Rompre le cycle du déplacement en apportant des solutions durables est indispensable, mais c'est bien entendu un véritable défi. Une fois encore, le cas de la Sierra Leone et de ses voisins de la sous-région illustre à quel point ce défi est complexe à relever. Le seul fait de savoir combien il y a de déplacés internes après une décennie de conflit au cours de laquelle nombre d'entre eux n’ont jamais été enregistrés est déjà difficile, voire impossible. Il se peut que, pour diverses raisons, certains ne souhaitent pas rentrer. Définir le moment à partir duquel une zone est considérée comme « sûre » n’est pas non plus chose aisée. Enfin, il faut noter le problème du manque d'hébergement et de services de base dans les régions de retour, qui peut, une fois encore, pousser les personnes déplacées vers les zones urbaines. La détermination du moment où le conflit est véritablement terminé et où l'on passe de la phase d’urgence à la phase de développement fait souvent débat. Dans de très nombreux cas, l'intervalle entre les secours d’urgence et le relèvement reste problématique.

Les défis que posent une assistance humanitaire efficace et la consolidation de la paix sont manifestement interdépendants. Les situations de déplacement interne ne peuvent pas être durablement résolues tant que ces deux composantes ne sont pas réglées. Une problématique alimente l’autre, créant ainsi un cercle vicieux. Sans une volonté à long terme de s’attaquer aux causes profondes des conflits, les schémas du déplacement interne et des crises humanitaires risquent de se reproduire. À moins que la situation des populations déplacées ne soit stabilisée efficacement grâce à une protection et une assistance adéquates, il y a peu d’espoir de parvenir à une paix durable. 
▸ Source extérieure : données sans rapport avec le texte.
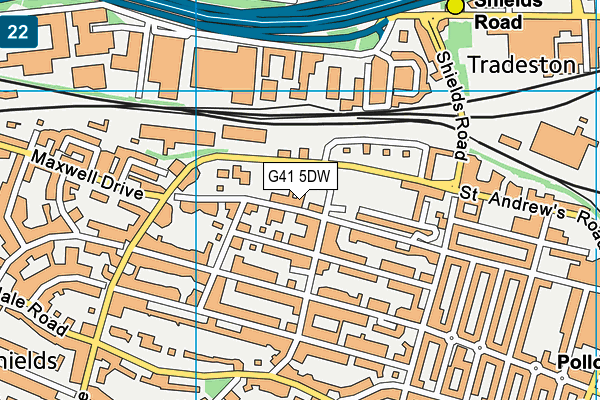 G41 5DW map - OS VectorMap District (Ordnance Survey)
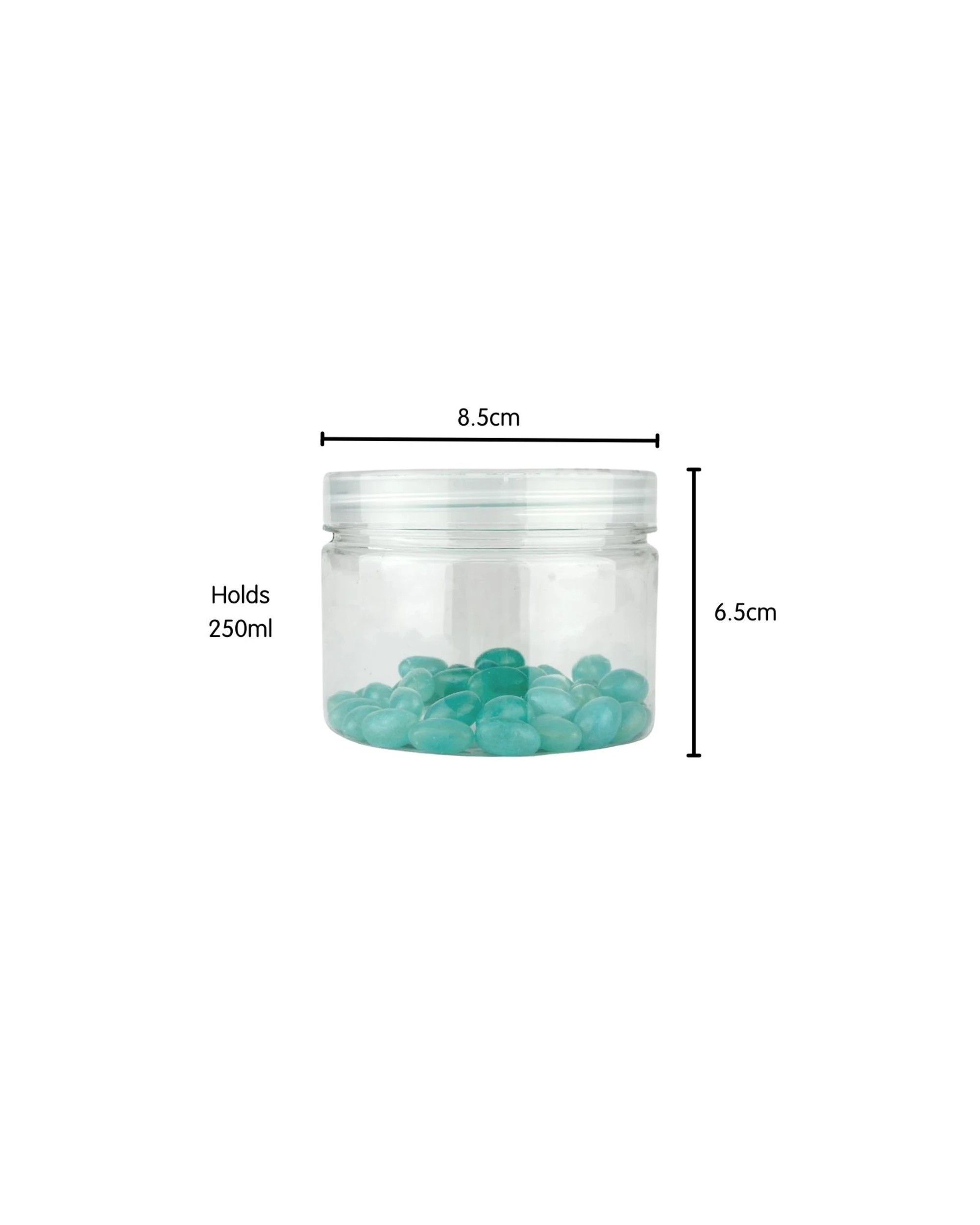 2 Partyrama Clear Plastic Round Screw Top Jar 250ml, 2 of 3
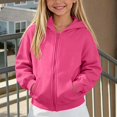thumbnail image 5 of WAVSUF Kids Girls Hooded Sweatshirt Soft Comfortable with Pockets Zipper Fleece Winter Active Pullover 7-8, 5 of 9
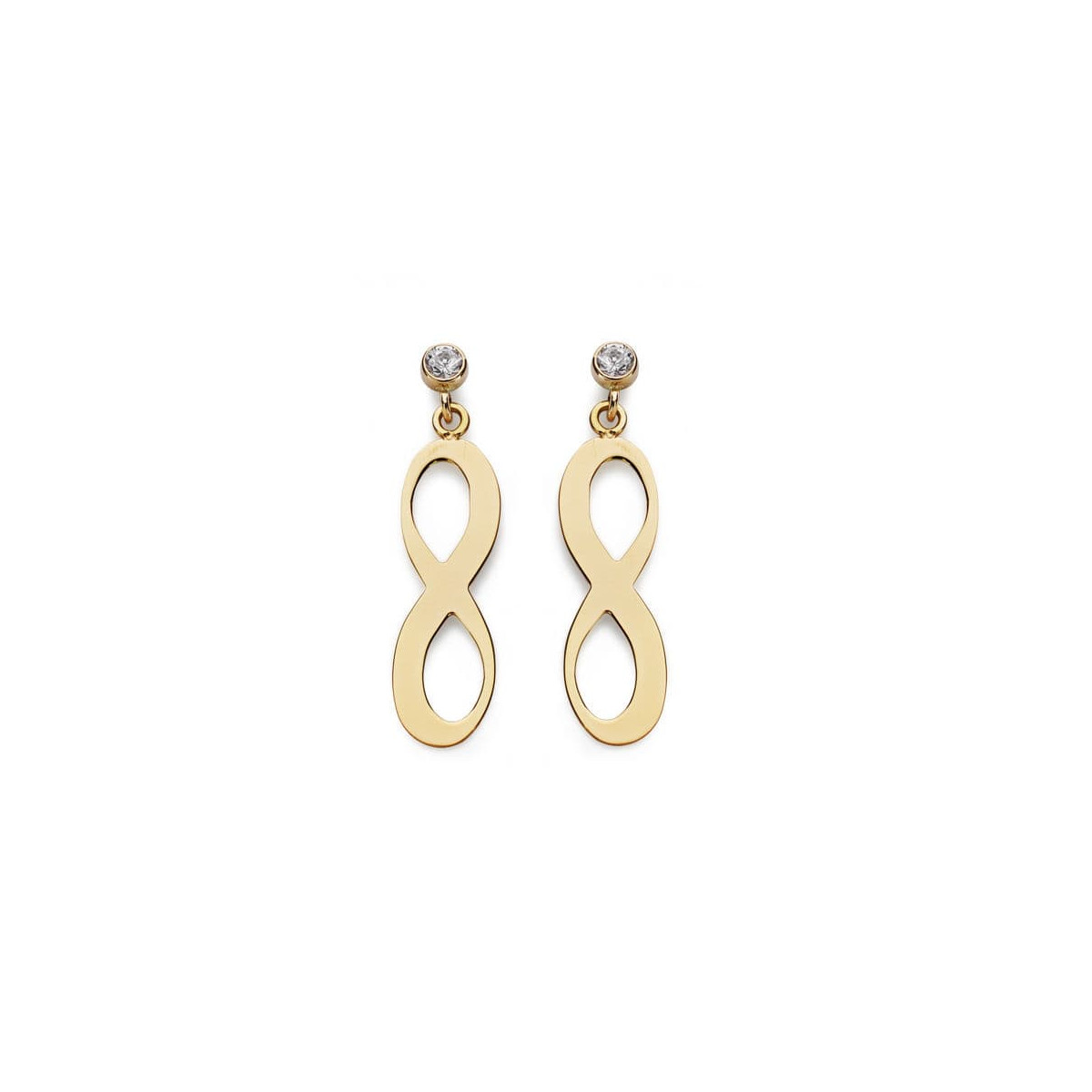 18K PENDIENTES INFINITY ORO AMARILLO 20X6 MM CIERRE PRESION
S’attaquer au problème du déplacement interne dans toutes ses dimensions nécessite un énorme effort concerté tant au niveau des États qu’au niveau international. La convention de l’Union africaine sur la fourniture de protection et d’assistance aux personnes déplacées est une avancée très positive dans l'action contre le problème du déplacement interne sur le continent. Le CICR, pour sa part, est prêt à jouer son rôle spécifique et appelle tous les États et acteurs non étatiques concernés à assumer les responsabilités qui leur incombent au titre de la convention, et à faire en sorte que celle-ci soit mise en œuvre avec succès.

Monsieur le Président, Excellences, Mesdames et Messieurs, je vous remercie.